Quale impatto ebbero le caratteristiche fisiche dei diversi campi di battaglia sulle strategie belliche e le manovre militari?
In che modo uomini, donne, bambini e vecchi, generali, soldati e prigionieri, operai e contadini, giornalisti, artisti e insegnanti, popolazioni occupate, architetti e turisti interagirono con i paesaggi della guerra?
In quale modo, oggigiorno, lo studio del paesaggio può accrescere la nostra comprensione della storia militare, politica, sociale, economica e culturale del conflitto?
Il suo studio (cartografia, geografia e scienze naturali), ma anche ciò che ne rimane (rovine, tracce, memorie e ricostruzioni), oppure la sua eredità (turismo e patrimonio culturale), o il suo deterioramento (inquinamento): sono i mille modi per declinare il binomio paesaggio-guerra. E che dire dei paesaggi di guerra immaginati, descritti o raffigurati, della diversità riscontrabile tra quelli cittadini e urbani durante e dopo la guerra, oppure della mutazione del paesaggio produttivo (agricoltura e produzione bellica, distribuzione delle risorse, privazioni e conflitti per il cibo)?

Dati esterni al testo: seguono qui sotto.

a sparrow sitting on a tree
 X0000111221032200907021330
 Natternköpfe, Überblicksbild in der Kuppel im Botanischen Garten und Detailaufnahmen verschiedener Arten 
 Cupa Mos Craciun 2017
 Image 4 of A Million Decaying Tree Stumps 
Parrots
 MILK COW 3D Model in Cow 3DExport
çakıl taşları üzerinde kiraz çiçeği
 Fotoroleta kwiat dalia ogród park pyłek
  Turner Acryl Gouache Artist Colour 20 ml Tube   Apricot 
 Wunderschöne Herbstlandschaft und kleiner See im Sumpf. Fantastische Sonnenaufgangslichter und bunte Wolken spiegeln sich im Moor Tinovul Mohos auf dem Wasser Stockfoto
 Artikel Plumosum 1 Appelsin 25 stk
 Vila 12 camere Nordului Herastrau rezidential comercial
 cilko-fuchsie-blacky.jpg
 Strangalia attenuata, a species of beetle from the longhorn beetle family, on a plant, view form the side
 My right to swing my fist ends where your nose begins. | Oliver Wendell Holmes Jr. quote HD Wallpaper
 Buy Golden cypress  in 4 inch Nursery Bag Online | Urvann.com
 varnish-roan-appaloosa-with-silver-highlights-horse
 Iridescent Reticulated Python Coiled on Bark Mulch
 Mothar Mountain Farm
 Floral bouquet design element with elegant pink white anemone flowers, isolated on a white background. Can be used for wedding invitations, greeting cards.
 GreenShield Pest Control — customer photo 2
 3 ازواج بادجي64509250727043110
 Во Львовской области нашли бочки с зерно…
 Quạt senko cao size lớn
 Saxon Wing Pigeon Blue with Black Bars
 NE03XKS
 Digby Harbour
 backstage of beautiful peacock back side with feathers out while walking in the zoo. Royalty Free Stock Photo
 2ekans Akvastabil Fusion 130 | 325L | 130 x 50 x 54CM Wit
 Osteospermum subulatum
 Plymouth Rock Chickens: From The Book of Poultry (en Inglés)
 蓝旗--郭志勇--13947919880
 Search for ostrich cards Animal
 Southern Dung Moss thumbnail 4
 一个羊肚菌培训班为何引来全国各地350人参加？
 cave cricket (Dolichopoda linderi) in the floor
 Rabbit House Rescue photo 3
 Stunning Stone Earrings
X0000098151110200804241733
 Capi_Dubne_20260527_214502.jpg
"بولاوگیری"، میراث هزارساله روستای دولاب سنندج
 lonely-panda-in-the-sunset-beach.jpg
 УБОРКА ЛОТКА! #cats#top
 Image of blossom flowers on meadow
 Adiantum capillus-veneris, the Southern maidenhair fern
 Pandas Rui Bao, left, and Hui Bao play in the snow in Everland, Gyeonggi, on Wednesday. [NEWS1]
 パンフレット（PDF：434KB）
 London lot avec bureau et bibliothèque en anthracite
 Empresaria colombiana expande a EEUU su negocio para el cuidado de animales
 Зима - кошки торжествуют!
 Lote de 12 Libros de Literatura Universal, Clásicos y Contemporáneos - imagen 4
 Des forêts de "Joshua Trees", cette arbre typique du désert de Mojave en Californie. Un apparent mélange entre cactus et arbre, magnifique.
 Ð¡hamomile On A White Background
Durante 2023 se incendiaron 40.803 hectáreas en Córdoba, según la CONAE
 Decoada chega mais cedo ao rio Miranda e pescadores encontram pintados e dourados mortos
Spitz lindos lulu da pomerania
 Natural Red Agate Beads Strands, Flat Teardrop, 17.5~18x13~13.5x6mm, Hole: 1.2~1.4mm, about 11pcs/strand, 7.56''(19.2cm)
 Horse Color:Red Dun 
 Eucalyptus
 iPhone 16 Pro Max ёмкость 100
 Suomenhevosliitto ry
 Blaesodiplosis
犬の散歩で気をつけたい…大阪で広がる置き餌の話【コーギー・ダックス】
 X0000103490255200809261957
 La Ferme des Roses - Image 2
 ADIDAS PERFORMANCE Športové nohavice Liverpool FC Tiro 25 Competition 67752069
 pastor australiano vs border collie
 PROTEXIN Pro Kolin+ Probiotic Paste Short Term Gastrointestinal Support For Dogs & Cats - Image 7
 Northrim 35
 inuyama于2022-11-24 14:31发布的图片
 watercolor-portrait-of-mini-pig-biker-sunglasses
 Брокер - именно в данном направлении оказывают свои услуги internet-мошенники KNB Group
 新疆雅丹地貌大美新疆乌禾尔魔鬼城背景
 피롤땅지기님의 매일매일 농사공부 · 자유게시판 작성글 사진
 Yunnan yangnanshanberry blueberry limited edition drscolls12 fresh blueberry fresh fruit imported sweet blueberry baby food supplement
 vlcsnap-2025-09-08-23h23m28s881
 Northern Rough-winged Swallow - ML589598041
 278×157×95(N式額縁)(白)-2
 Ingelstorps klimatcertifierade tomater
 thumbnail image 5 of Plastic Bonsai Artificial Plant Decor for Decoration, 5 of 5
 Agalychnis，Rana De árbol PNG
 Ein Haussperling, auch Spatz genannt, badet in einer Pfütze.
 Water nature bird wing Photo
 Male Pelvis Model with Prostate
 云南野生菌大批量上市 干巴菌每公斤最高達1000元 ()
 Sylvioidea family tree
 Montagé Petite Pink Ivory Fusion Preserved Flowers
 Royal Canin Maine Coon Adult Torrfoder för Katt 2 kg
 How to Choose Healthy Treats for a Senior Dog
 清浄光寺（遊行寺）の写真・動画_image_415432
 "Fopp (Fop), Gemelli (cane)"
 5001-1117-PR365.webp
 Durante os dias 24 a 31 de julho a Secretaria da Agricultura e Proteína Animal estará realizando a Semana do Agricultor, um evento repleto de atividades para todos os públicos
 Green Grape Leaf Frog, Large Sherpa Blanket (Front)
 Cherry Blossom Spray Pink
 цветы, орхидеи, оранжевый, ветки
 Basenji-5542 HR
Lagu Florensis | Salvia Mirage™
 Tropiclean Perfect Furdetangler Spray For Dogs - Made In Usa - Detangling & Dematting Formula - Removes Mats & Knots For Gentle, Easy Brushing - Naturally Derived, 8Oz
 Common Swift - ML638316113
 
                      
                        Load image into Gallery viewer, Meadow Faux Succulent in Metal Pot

Il paesaggio, modificato e a volte sconvolto dalla guerra moderna è, in primo luogo, quello naturale: dalle centinaia di chilometri di trincea del Fronte Occidentale, alle «cittadelle del ghiaccio» del fronte dolomitico, alle migliaia di chilometri di strade realizzate in tutta Europa per far transitare eserciti e armi. Ma anche i paesaggi urbani (le città distrutte dai bombardamenti, evacuate, ricostruite per intero) e i paesaggi mentali dei combattenti, che raccontano i loro itinerari personali dentro la guerra, scrivendo diari di viaggio, fotografando o dipingendo ciò che vedono. Questo multiforme approccio all’esperienza e alle rappresentazioni del primo conflitto mondiale è in grado di restituire al meglio la complessità di una Grande Guerra che fu vissuta non solo da soldati, ma anche da giornalisti e scrittori, artisti e donne, operai e contadini. Ancora di più, permette di comprendere pienamente la dimensione davvero globale della guerra. Il fronte delle montagne giocò un ruolo straordinario nella storia del conflitto, dando origine ad una guerra «differente», eroica e premoderna, che avrebbe a lungo lasciato il segno nella memoria collettiva, e che oggi si riscopre grazie alle moderne tecniche della geolocalizzazione per riscoprire e proporre al grande pubblico i luoghi e gli itinerari di chi combatté. Ma vi furono anche Africa e Medio Oriente, fronti lontani e spesso poco conosciuti, e città che non conobbero mai la violenza del conflitto, come New York o i borghi minerari dell’interno degli USA, e che pure si mobilitarono per la guerra totale e moderna.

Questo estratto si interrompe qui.